1. If \(b > a\) and \(c > 1\) then \(c \geq 2 \underbrace{\Rightarrow}_{\times c} bc \geq 2c = c+c \underbrace{\geq}_{c \geq 2} 2 + c\)
2. If \(a < b\) and \(d < c\) then \(b \geq a+1\) and \(c \geq d+1\) so \begin{align*} bc - ad &\underbrace{\geq}_{b \geq a+1} (a+1)c - ad \\ &\underbrace{\geq}_{d \leq c-1} (a+1)c - a(c-1) \\ &= a+c \end{align*}
3. If \(\displaystyle \frac{a}{b} < p < \frac{c}{d}\) then \(a < pb\) and \(pd < c\) so by the previous part \((pb)c - a(pd) \geq a + c \Leftrightarrow (bc-ad)p \geq a+c\).
4. If \(\displaystyle \frac{a}{b} < \frac{p}{q} < \frac{c}{d}\) then \(\displaystyle \frac{qa}{b} < p < \frac{qc}{d}\) and so by the previous part we must have \((bc-ad)qp \geq q(a+c) \Rightarrow p \geq \frac{a+c}{bc-ad}\). Similarly we have \(\frac{d}{c} < \frac{q}{p} < \frac{b}{a}\) and so \(q \geq \frac{b+d}{bc-ad}\)
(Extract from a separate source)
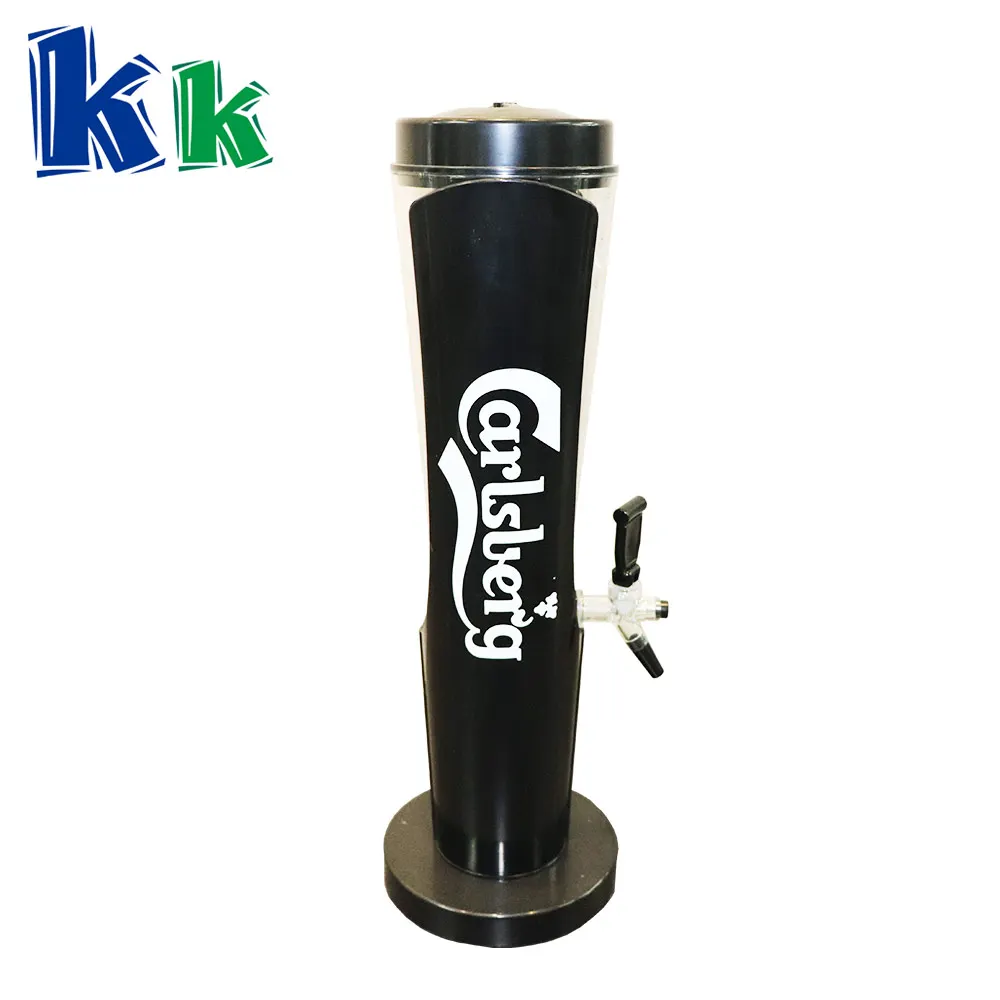 Kirin Ichiban Tsingtao High Quality Customized Size Plastic Draft Beer Tower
Suppose \(\frac{p}{q}\) is a fraction such that \(q \leq 20\) and \(\frac89 < \frac{p}q < \frac9{10}\) then: \begin{align*} q & \leq 20 \\ p & \geq \frac{17}{81-80} = 17 \\ q & \geq \frac{19}{81-80} = 19 \end{align*} Therefore the only fraction is \(\frac{17}{19}\) since \(\frac{18}{19} > \frac{18}{20} = \frac{9}{10}\)